Dikenal sebagai guru spiritual, Siti Jenar menyebarkan ajaran wahdatul wujud (kesatuan eksistensi), yaitu paham bahwa semua yang ada pada hakikatnya adalah Tuhan. Ia mengajarkan bahwa hakikat manusia tidak terpisah dari hakikat Ilahi. Manusia adalah Tuhan, bukan dalam arti literal dan pongah, tapi dalam pengalaman spiritual yang total dan menyatu.
Masalahnya, ajaran semacam itu tidak cocok untuk politik. Ketika Wali Songo dan Kesultanan Demak sedang membangun tata Islam yang terstruktur, tertib, dan bisa dipakai untuk menyatukan masyarakat, Siti Jenar datang dengan ajaran yang meledakkan semua itu dari dalam.
Ia bilang, surga dan neraka adalah simbol, syariat hanyalah kulit, dan yang paling mengguncang: “Aku adalah Tuhan.”
Bukan karena ia mengklaim ketuhanan secara arogan, tapi karena ia merasa dirinya sudah melebur total dalam Tuhan, seperti halnya air sungai yang sampai di lautan tidak lagi punya nama.
Tapi bagi mereka yang sedang membangun kekuasaan, pernyataan ini dianggap sesat. Terlalu radikal. Terlalu bahaya. Dan lebih dari itu: terlalu merdeka untuk dikendalikan.
Cerita tentang akhir hidup Siti Jenar bervariasi. Ada versi yang mengatakan ia dihukum mati oleh Wali Songo. Ada yang bilang ia sengaja menyerahkan diri. Ada pula yang meyakini ia tidak benar-benar mati, hanya “menghilang” dari dunia yang tidak lagi mampu menampungnya.
Apapun versinya, kematiannya bukan sekadar hukuman, tapi simbol dari bagaimana kebenaran eksistensial seringkali tak punya tempat di dunia yang dikuasai oleh institusi dan tata tertib. Ia adalah Socrates-nya Jawa. Dibunuh karena mengajukan pertanyaan yang terlalu dalam di zaman yang terlalu takut.

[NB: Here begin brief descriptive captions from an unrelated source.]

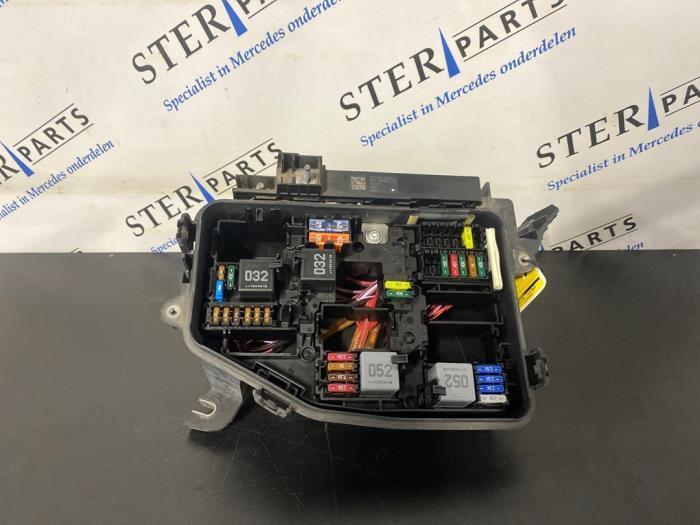 Zekeringkast van een Mercedes B-Klasse, Auto-onderdelen, Elektronica en Kabels, Mercedes-Benz, Gebruikt, 3 maanden garantie, Ophalen of Verzenden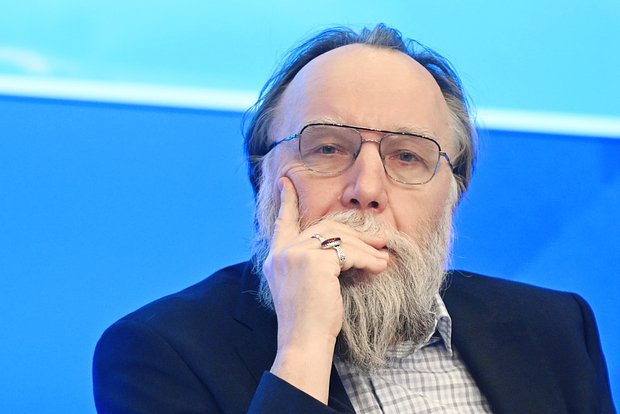 Философский взрыв: как трек школьниц всколыхнул мировую арену filosofskij vzryv kak trek shkolnicz vskolyhnul mirovuyu arenu-fabrec-ru-174161823700-0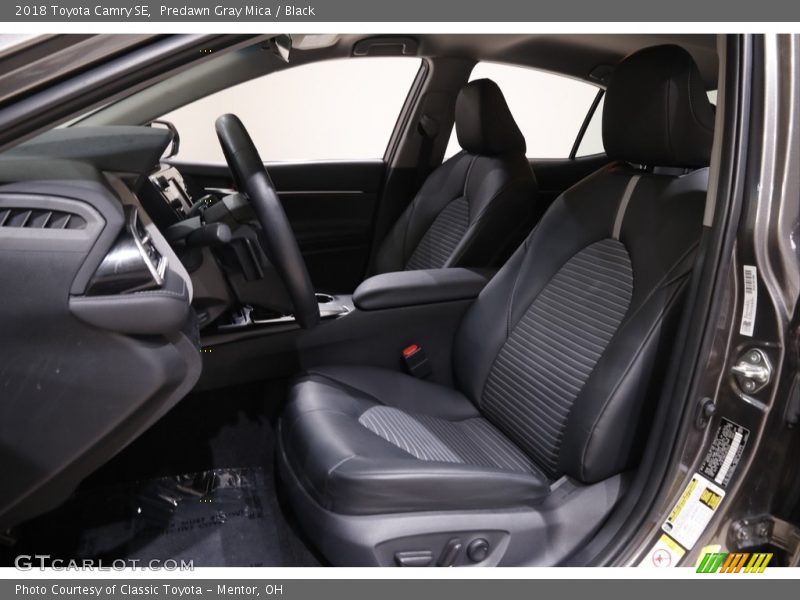 Predawn Gray Mica / Black 2018 Toyota Camry SE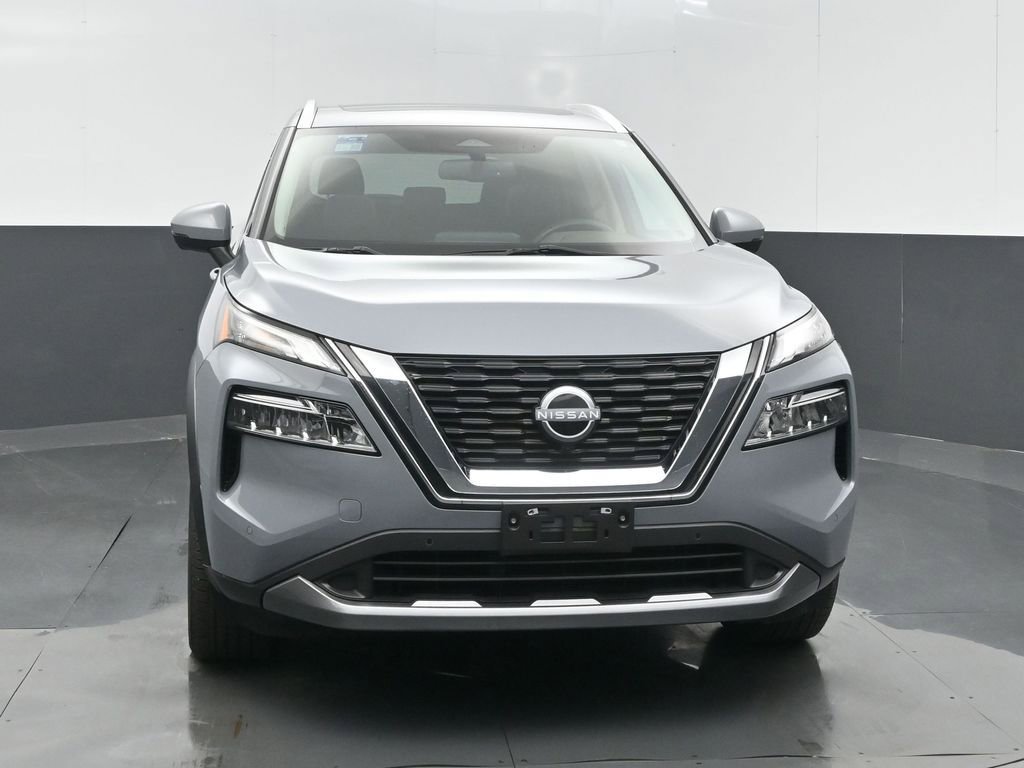 Used 2023 Nissan Rogue SL w/ SL Premium Package image 4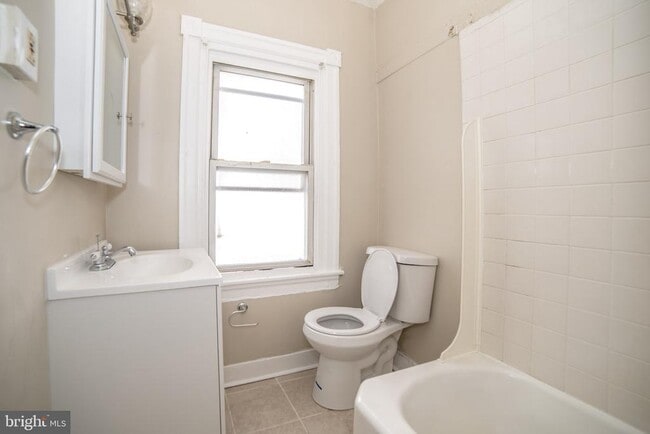 Building Photo - 307 Lincoln Ave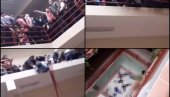(UZNEMIRUJUĆI VIDEO) STRAVIČNA TRAGEDIJA U BOLIVIJI: Sedam studenata poginulo nakon što je ograda balkona popustila!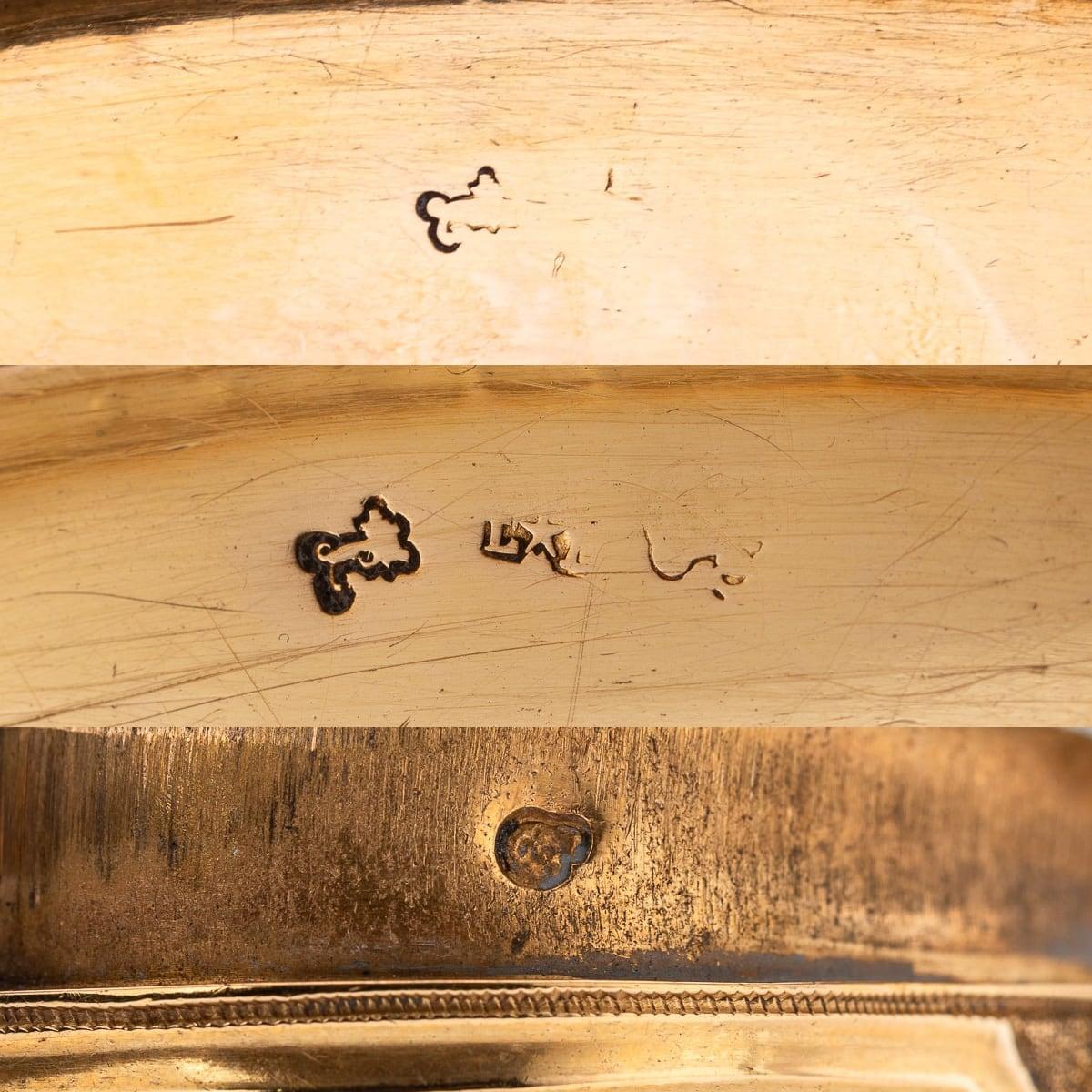 Ancienne tabatière française du XVIIIe siècle en or 18 carats à trois couleurs, Paris c.1770 en vente 13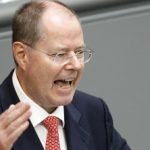 Steinbrück sees Germany weathering global financial crisis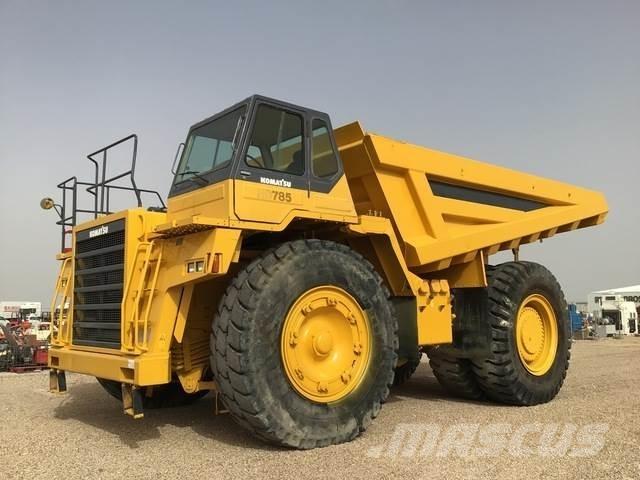 Komatsu HD785-5 Belden kirma kaya kamyonu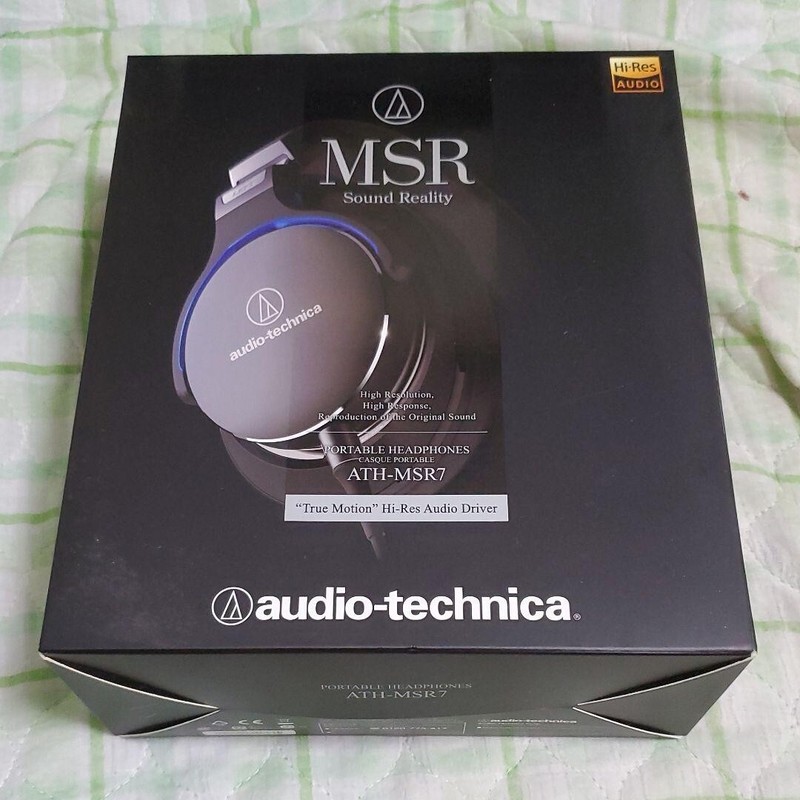 ‎Audio Technic Hi-Res Sealed Type Portable Headphone ATH-MSR7BK Black gallery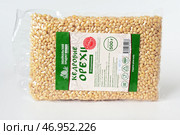 Кедровые орехи очищенные в вакуумной упаковке. Забайкальский продукт. Сделано в Сибири. Редакционное фото, фотограф Владимир Литвинов / Фотобанк Лори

Siti Jenar mungkin adalah salah satu contoh paling tragis dari pertarungan antara dua jenis agama: agama sebagai sistem sosial yang perlu dijaga tatanannya, dan agama sebagai pengalaman batin yang membebaskan manusia dari semua tatanan.
Ia berdiri di kubu kedua. Ia mengajarkan bahwa untuk sampai pada Tuhan, manusia harus melewati ego, melepas identitas, bahkan membongkar agamanya sendiri. Dan tentu saja, itu bukan hal yang bisa diterima oleh para penjaga pagar.
Di zaman sekarang, kita mungkin tidak lagi membakar orang karena dianggap sesat. Tapi kita masih sering membungkam suara-suara jujur yang menyelisihi narasi dominan. Siti Jenar hidup hari ini dalam bentuk: dosen yang dipecat karena terlalu bebas berpikir, aktivis yang dituduh radikal karena terlalu cinta rakyat, atau bahkan konten kreator yang kena sensor karena terlalu tepat sasaran.
Siti Jenar mengingatkan kita bahwa terkadang, keberanian spiritual adalah bentuk tertinggi dari perlawanan politik. Karena di saat semua orang sibuk membenarkan sistem, ia sibuk mempertanyakan eksistensi.
Tak semua orang bisa jadi Siti Jenar. Tapi semua orang, dalam hidupnya, pasti pernah merasa seperti Siti Jenar: sendiri, melawan arus, dan dihukum hanya karena berpikir terlalu dalam.
Dan di saat-saat itu, mungkin satu-satunya cara untuk tetap waras adalah percaya bahwa “yang sesungguhnya hidup tak butuh pengakuan dari dunia yang sedang sekarat.”